Forest Hills residents wondering about the fate of the former Parkway Hospital building, located at 70-35 113th St., may have to wait a bit longer in the wake of two cancelled or otherwise missed meetings between the building’s prospective new owners and Councilwoman Karen Koslowitz (D-Forest Hills).
Late Tuesday, Koslowitz said that a second scheduled meeting with representatives from 70-35 113 Street Holdings LLC, the reported new owners of the defunct 56,400 square-foot Parkway Hospital building lot, did not take place due to scheduling conflicts.
Further, Koslowitz reported that the impending sale of the building is not yet complete and still must clear several hurdles, including zoning issues.
It is still unclear at this time what the new owners intend to do with the building, if and when the sale is completed.
Numerous community members, including Community Board 6 District Manager Frank Gulluscio, as well as Koslowitz, have said they would like to see new senior housing on the old Parkway site. Some have even suggested a hotel, although others have said that idea seems unlikely.
The holding company, as of Tuesday, has not yet listed with the state as an LLC.
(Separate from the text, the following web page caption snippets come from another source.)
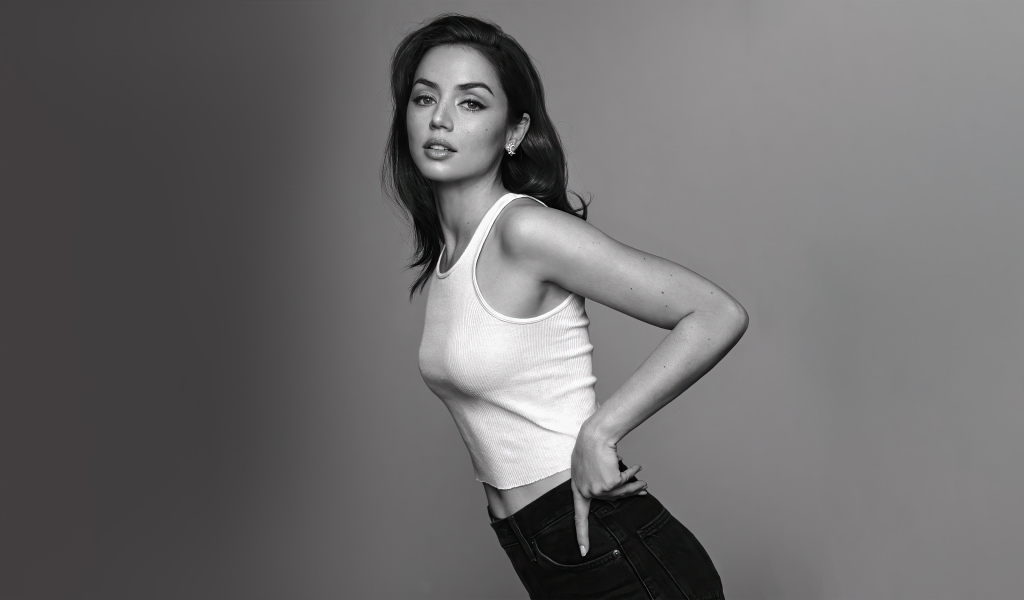 Актриса Ана де Армас в белой майке на сером фоне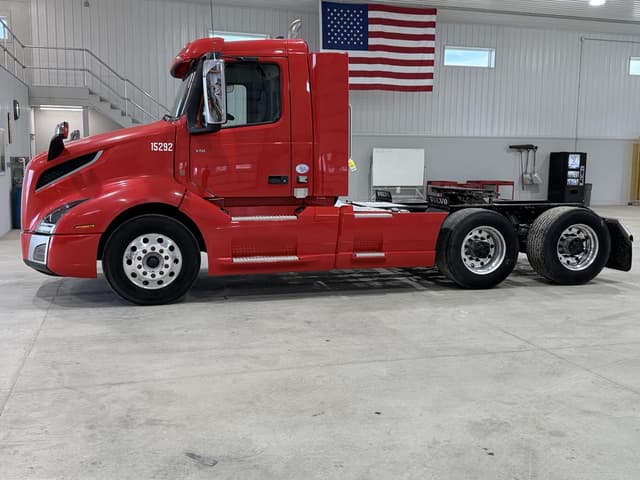 Image of Volvo VNL equipment image 2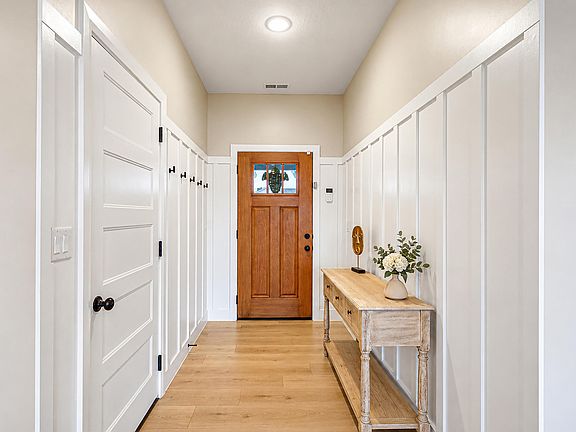 5th image of 1255 E Southern Homestead Blvd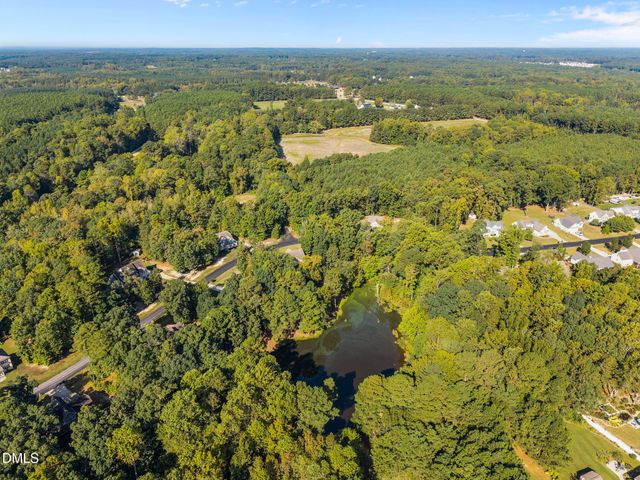 120 Glen Oaks Drive, Youngsville, NC 27596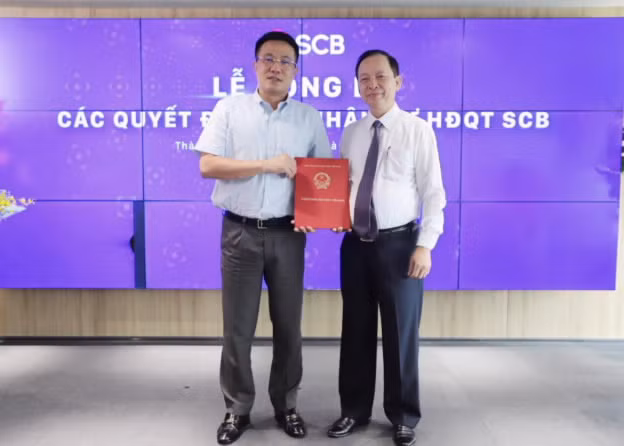 Phó Thống đốc Thường trực NHNN Đào Minh Tú trao quyết định thôi chỉ định chức Chủ tịch HĐQT SCB cho ông Vũ Anh Đức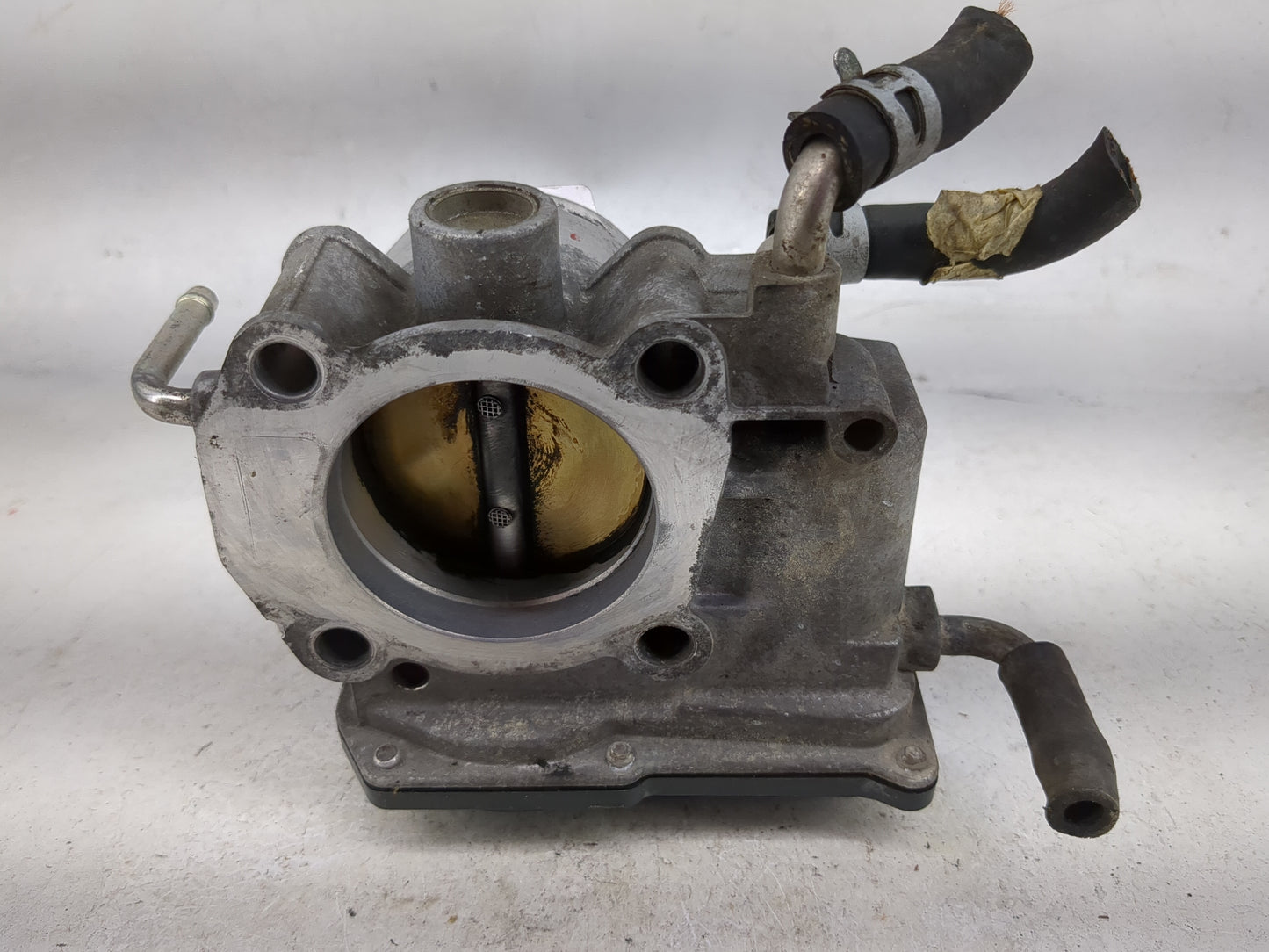 2005-2006 Scion Tc Throttle Body P/N:22030-28060 Fits Fits 2004 2005 2006 2007 OEM Used Auto Parts - Oemusedautoparts1.com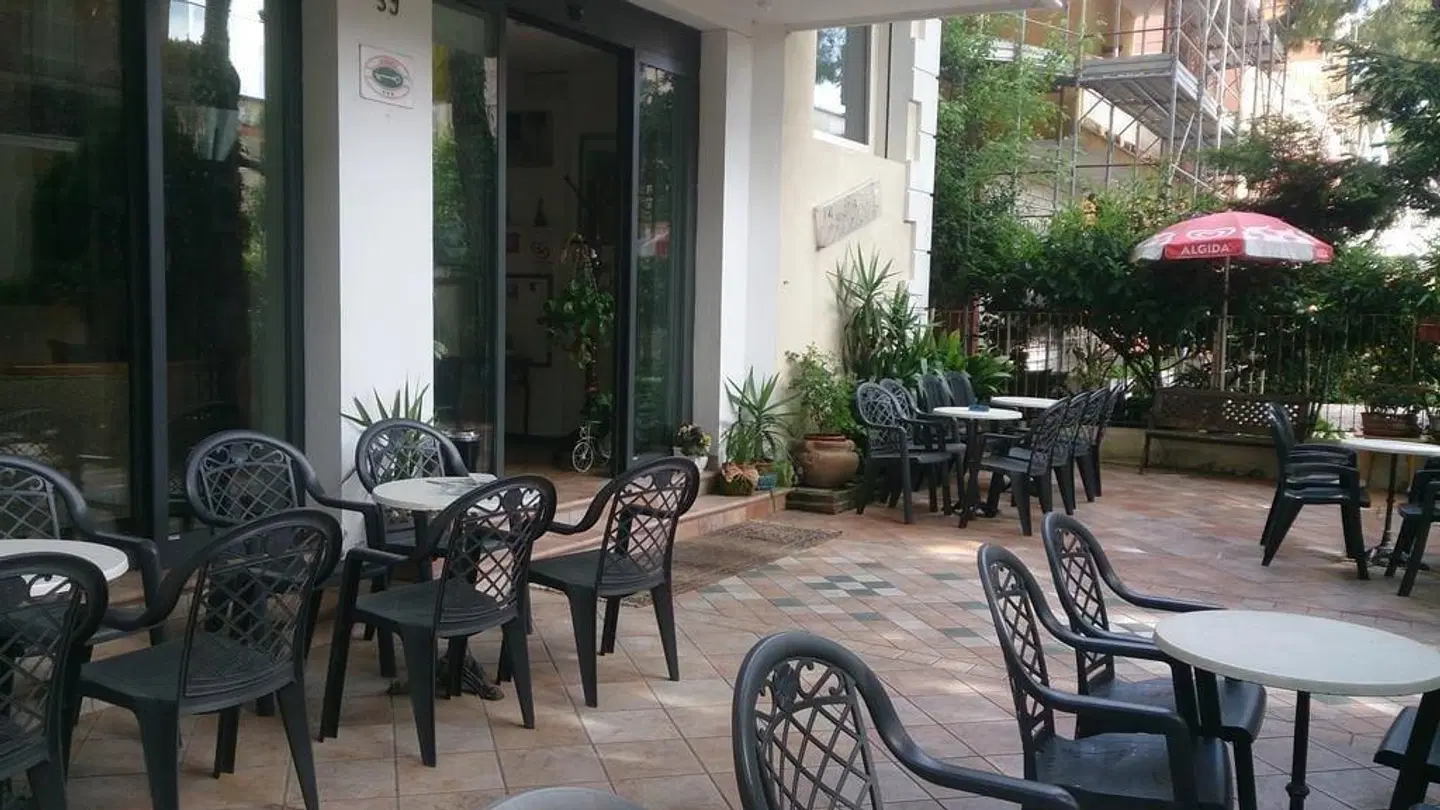 Cortina Terrasse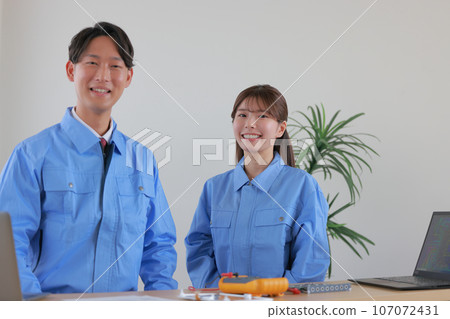 Smiling male and female engineers_2 107072431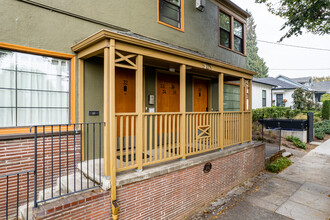 2105 SE Caruthers St in Portland, OR - Foto de edificio - Building Photo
New York requires that within 120 days after organization, a limited liability corporation (LLC) must publish in two newspapers a copy of the articles of organization or a notice related to the formation of the LLC.
The Parkway Hospital site, vacant since 2008 when it was shuttered by the state Commission on Healthcare Facilities, was reportedly sold at a foreclosure auction on Jan. 10 for $22 million.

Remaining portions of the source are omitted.